Will the Red Sox ever again have a long-term face of the franchise like Ortiz? Someone who Sox ownership ensures will finish his career in Boston and waltz into Cooperstown wearing a “B” on his cap?

The more we wait for it, the further away it seems.

Ortiz wanted to be here, sure, but the Sox paid him like they wanted him here, consistently raising the bar for what designated hitters were worth (even it required a few public spats in the media to get the deals done).

They signed Ortiz to several extensions, including a four-year, $52-million extension in 2006, when then-general manager Theo Epstein told reporters it was an “easy decision for us.”

Then in 2012, they avoided arbitration by giving him a $13-million annual salary that made him the highest-paid DH of all time.

And in 2014, they signed him to a three-year extension, despite critics who thought it was a gamble to commit more than $15 million per season to a player who would be 41 before the contract expired.

Then-president Larry Lucchino told reporters, “We want him to be a guy who… stayed with us for the rest of his career.”

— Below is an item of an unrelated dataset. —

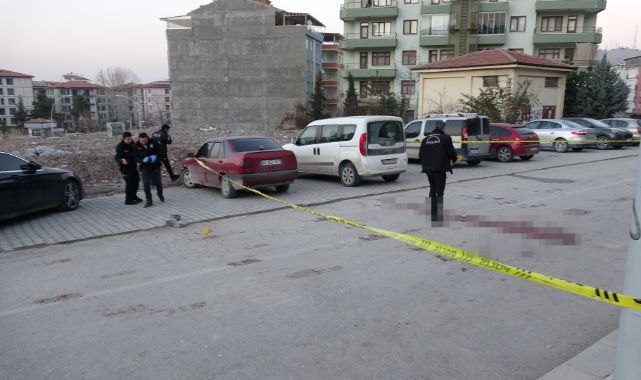 Sokak ortasında bıçaklı kavga, yaralılar var.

How weird it would’ve been had the Red Sox at some point decided they’d be better off letting Ortiz test free agency and replacing him with a younger, cheaper alternative.

Today’s Red Sox are trending in that direction.

They’ve only retained players who would take sizable discounts compared to what they’d get in free agency. The Sox stopped paying their own guys at a rate consistent with top-tier players at similar positions.

Of course, there will never be another player quite like Ortiz. There won’t be another personality quite like his.

And unless something drastically changes with the Red Sox’ outlook in the next 18 months, they could be saying goodbye to more worthy replacements who could’ve been the next Hall of Famers to spend the majority of their careers in Boston, too.

Savor the moment on Sunday. It’ll be a special day in Cooperstown. There won’t be another one like it.